The CBI cited continued strong job creation and said a pick-up in wages growth was combining with low inflation to boost living standards. Inflation for December was measured at a record-equalling low of 0.5 per cent, while figures for January will be published tomorrow.
The lobby group also said that declining energy prices were feeding through to lower operating costs for companies – although North Sea companies have taken a hit. Oil prices have fallen by around half since last summer.
The CBI said the better picture for the economy also reflected the likelihood that the Bank of England would not raise interest rates from 0.5 per cent until early next year. It expects to see growth of 2.6 per cent for 2016.
However, in an article for a Sunday newspaper, monetary policy committee (MPC) member Martin Weale said that interest rates will “have to rise somewhat earlier than market participants currently expect”, as the central bank’s forecasts show inflation could rise above its 2 per cent target by the middle of 2017.
Although a gradual rise in borrowing costs remains the most likely outcome, Bank of England governor Mark Carney last week said that the MPC stood ready to cut interest rates or re-start its money-printing programme if deflation or very low inflation were to set in.
The CBI also warned today of continued political volatility at home and abroad due to the looming UK general election, Greek debt crisis and stand-off over Ukraine. “As a result, exporters are finding it harder to secure orders and net trade is unlikely to provide much of a boost to growth over the next two years.”

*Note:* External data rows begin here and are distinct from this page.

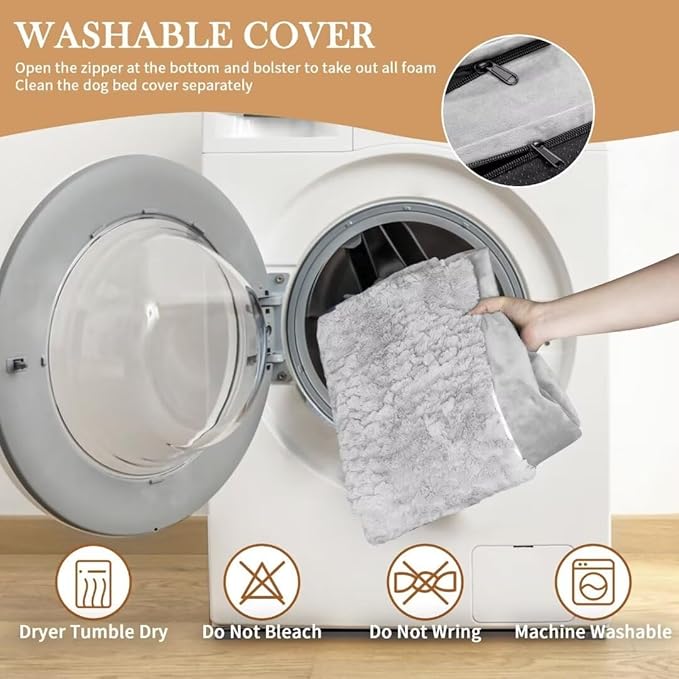 Large Dog Beds Orthopedic Foam, Waterproof Dog Beds for Large Dogs Sofa Comfy Pet Bed with Washable Removable Cover & Non-Slip Bottom(Large,Grey White)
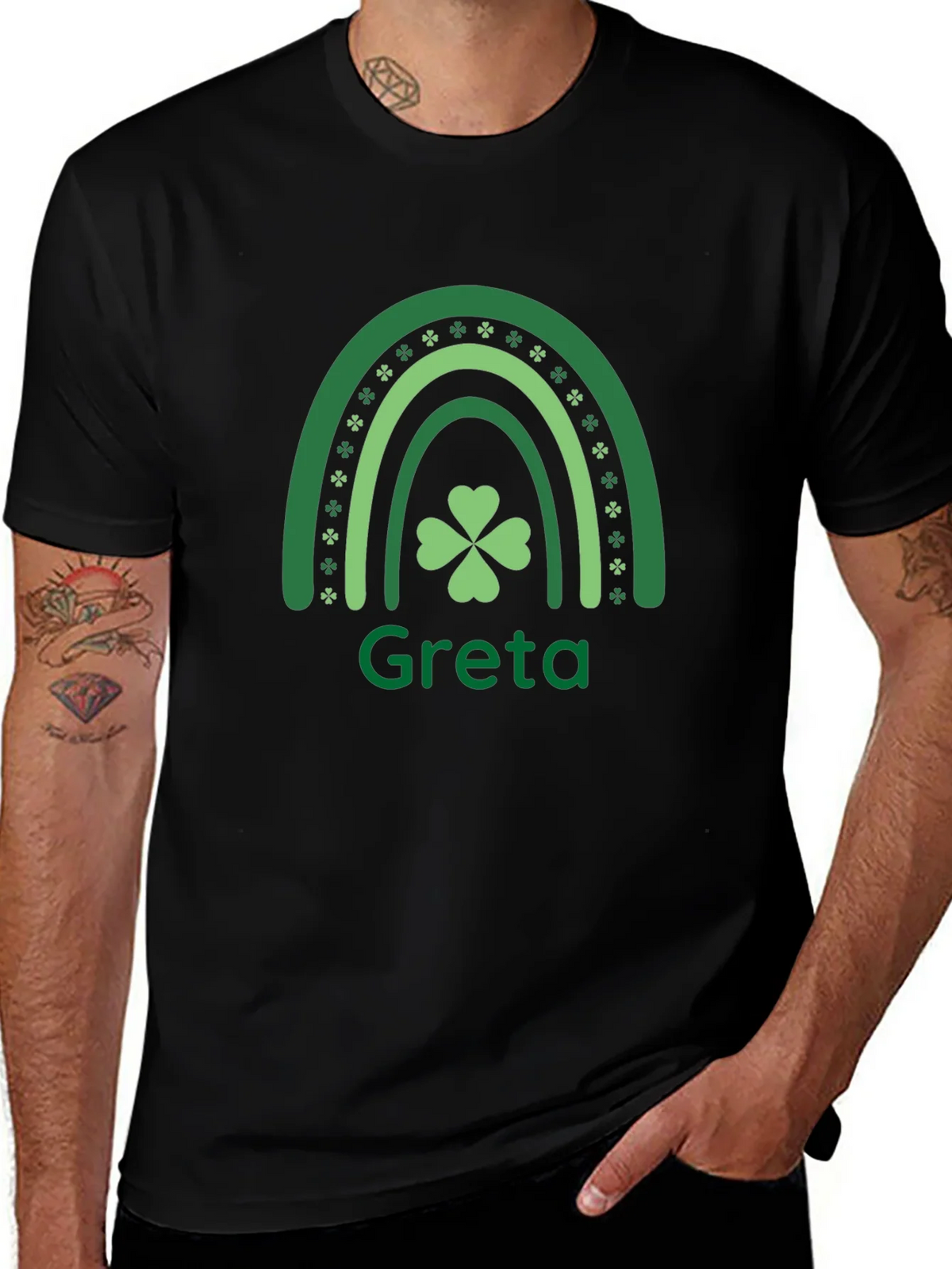 Greta St. Patricks Day Shamrock Rainbow T-Shirt product image 1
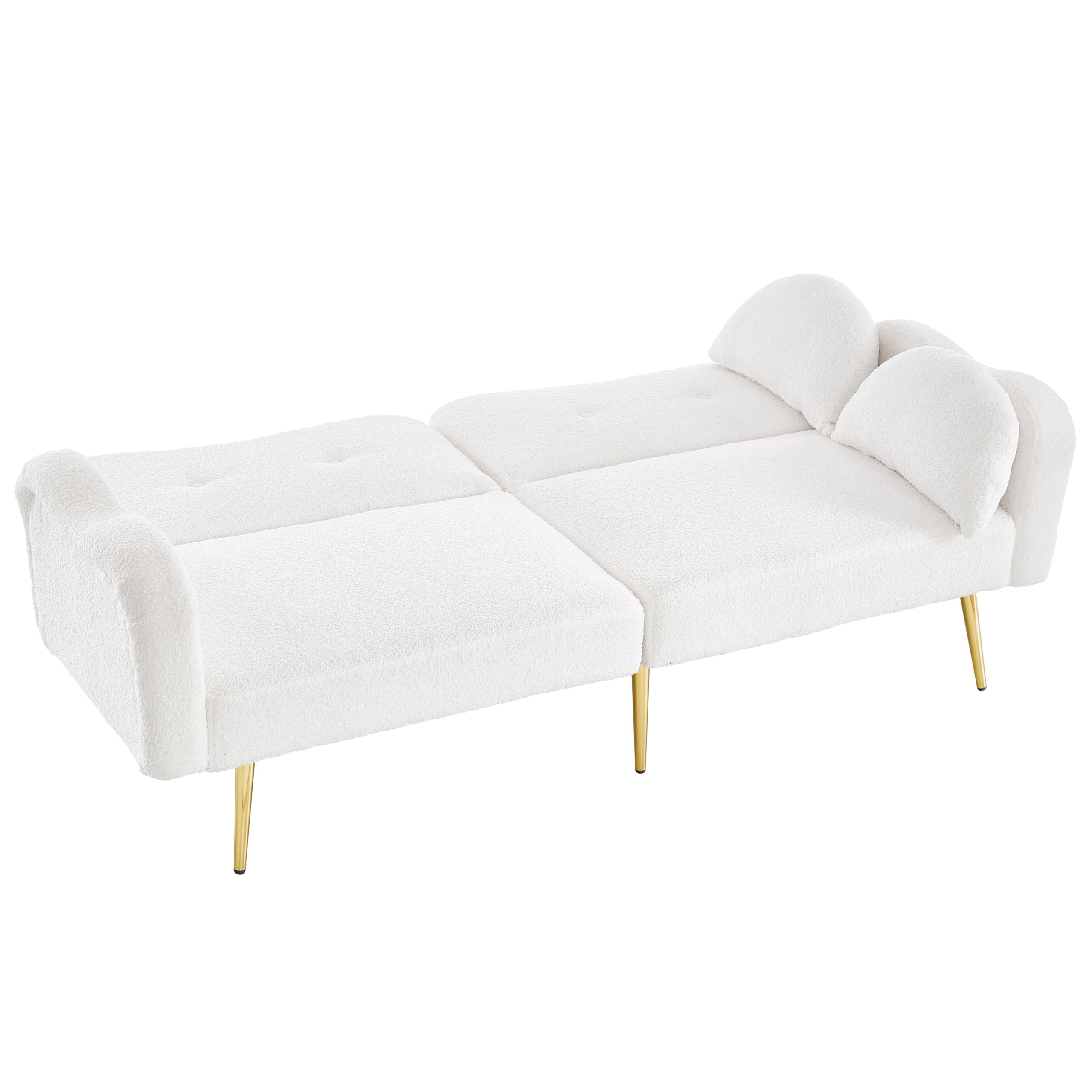 Divano letto a 2 posti, moderno divano a due posti con schienale regolabile, piedini in metallo dorato, funzione letto integrata, mobile multifunzione 2 in 1, bianco
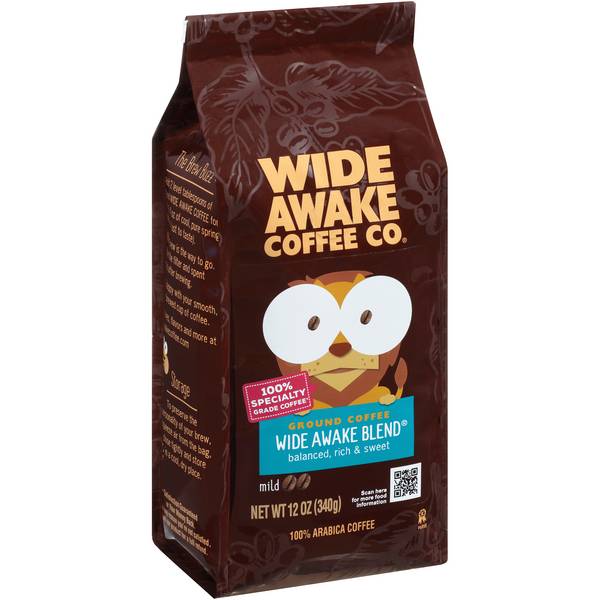 Wide Awake Coffee Co. Mild Roast Blend 100% Arabica Ground Coffee (12 oz)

Katja Hall, the CBI’s deputy director-general, added: “UK growth continues to outshine its counterparts in Europe and progress is ‘steady as she goes’.

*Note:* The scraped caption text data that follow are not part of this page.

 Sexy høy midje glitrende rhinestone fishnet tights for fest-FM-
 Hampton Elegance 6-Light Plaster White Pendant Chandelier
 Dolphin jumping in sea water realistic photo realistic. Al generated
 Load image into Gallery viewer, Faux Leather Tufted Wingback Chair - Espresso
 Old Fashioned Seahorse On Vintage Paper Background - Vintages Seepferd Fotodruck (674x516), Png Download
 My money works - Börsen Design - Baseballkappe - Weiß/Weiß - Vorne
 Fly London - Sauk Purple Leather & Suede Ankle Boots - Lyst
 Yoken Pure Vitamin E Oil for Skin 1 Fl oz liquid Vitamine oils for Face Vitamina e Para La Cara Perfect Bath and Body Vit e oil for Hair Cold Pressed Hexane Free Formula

“While lower oil prices are keeping costs down for businesses and consumers, the North Sea oil companies are suffering, harming jobs and investment in the industry. Now is not the time for complacency, but falling unemployment coupled with improving wage growth and rock bottom inflation should mean that people see more money in their pockets.”
The CBI’s economic forecast brings it into line with the International Monetary Fund’s latest projection. The Bank of England forecasts growth of 2.9 per cent.
A Treasury spokesman said: “The CBI’s latest economic forecasts are further proof our long-term economic plan is working, showing upgrades to UK growth forecasts for 2015 and 2016 with pay cheques growing significantly faster than inflation. This is welcome news for households and families, but the job is not yet done so we must keep working through the plan that is delivering economic security in an uncertain world economy.”